• **PROVIDED INFORMATION**:

_ _ _ _ _ _ _

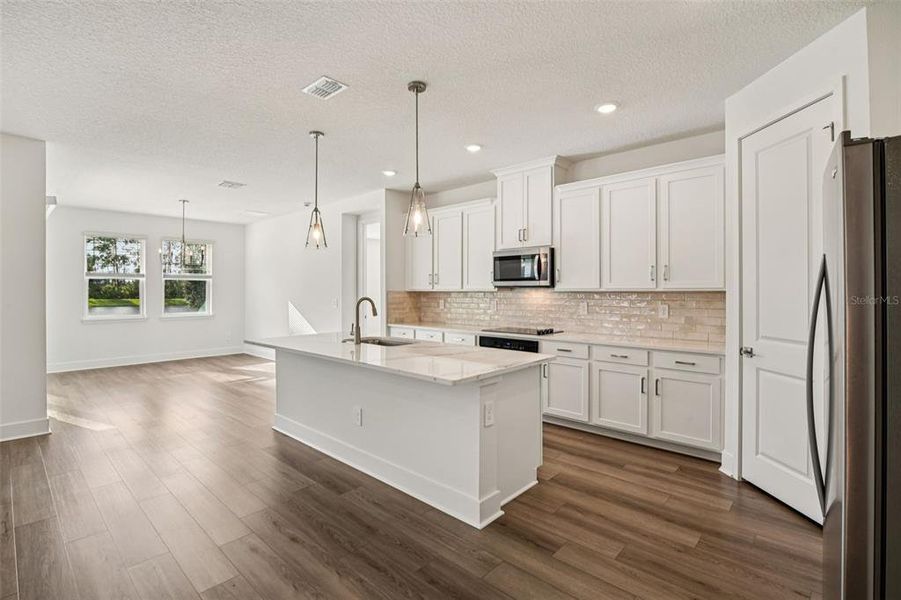 Furnished interior view inside a new home in Legends Preserve - Signature Series, Daytona Beach (Image 12).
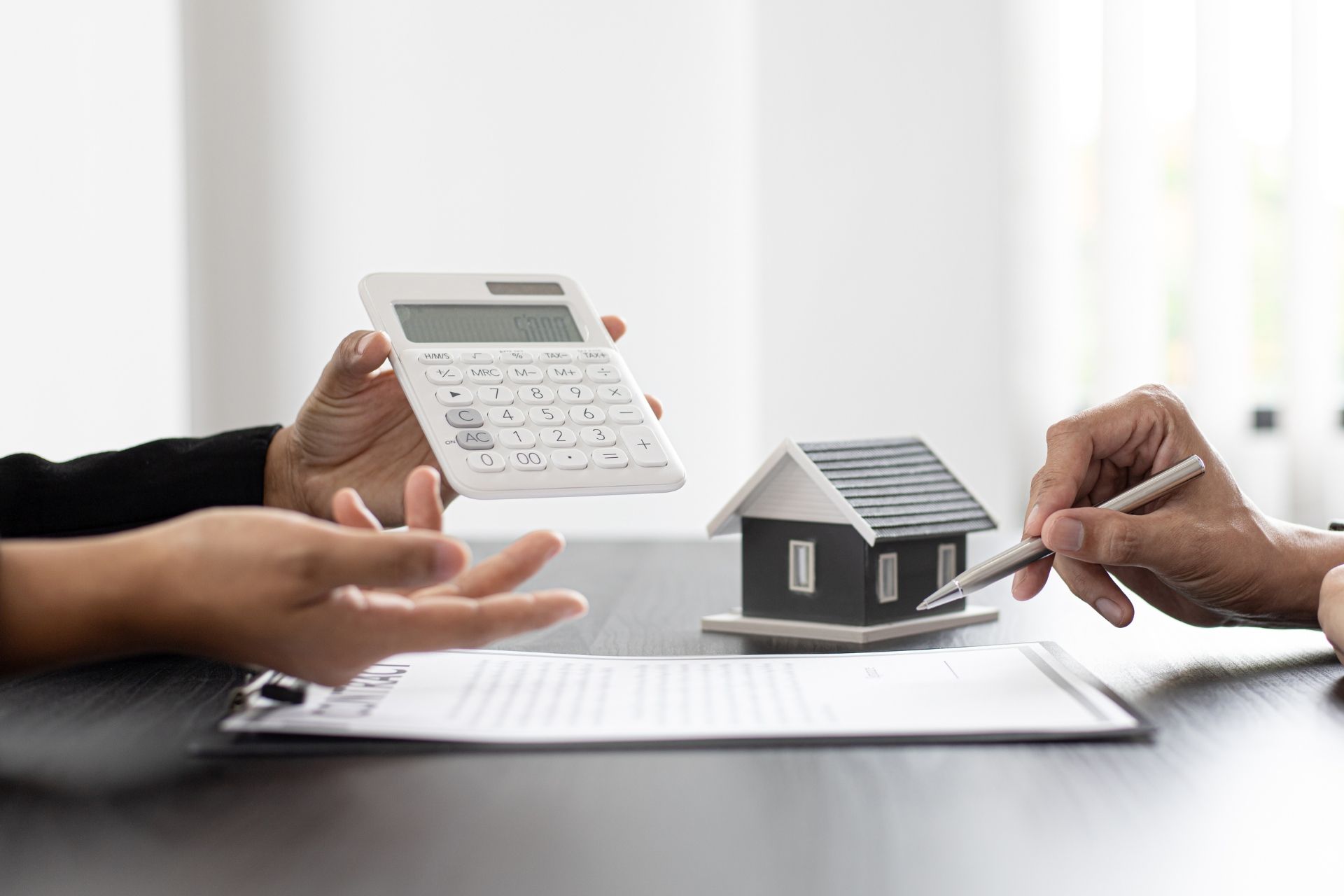 Hands, calculator, and house model over paperwork, illustrating calculation.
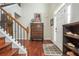 Inviting foyer with hardwood floors, a staircase, and a decorative cabinet at 6435 Ivey Creek Cir, Cumming, GA 30040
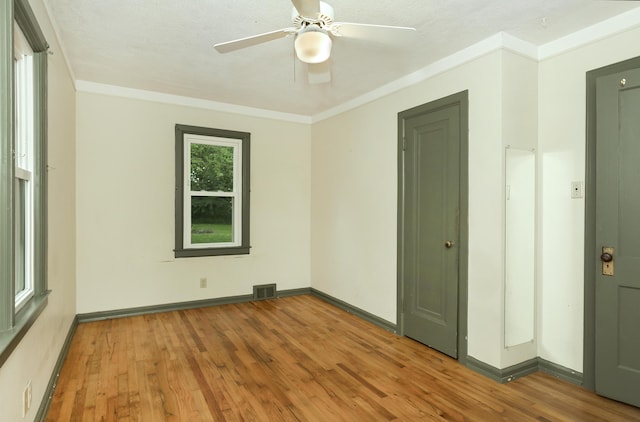7125 Edwards Rd, Michigan, MI 48111 - empty room with wood finished floors, ceiling fan, and crown molding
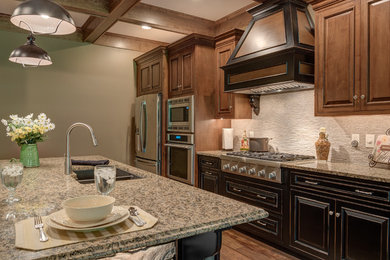 Eat-in kitchen - mid-sized traditional galley medium tone wood floor eat-in kitchen idea in Other with a drop-in sink, beaded inset cabinets, dark wood cabinets, granite countertops, beige backsplash, stone slab backsplash, stainless steel appliances and an island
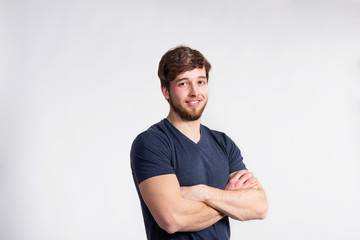 Handsome fitness man in gray t-shirt, studio shot.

_ _ _ _ _ _ _

• **PROBLEM**:
Omit the pictures, then extract verbatim only those lines that fall between the line containing "Inviting foyer with" and the final line of the records above, both included.

• **RESPONSE TO THE TASK**:
 Inviting foyer with hardwood floors, a staircase, and a decorative cabinet at 6435 Ivey Creek Cir, Cumming, GA 30040
7125 Edwards Rd, Michigan, MI 48111 - empty room with wood finished floors, ceiling fan, and crown molding
 Eat-in kitchen - mid-sized traditional galley medium tone wood floor eat-in kitchen idea in Other with a drop-in sink, beaded inset cabinets, dark wood cabinets, granite countertops, beige backsplash, stone slab backsplash, stainless steel appliances and an island
 Handsome fitness man in gray t-shirt, studio shot.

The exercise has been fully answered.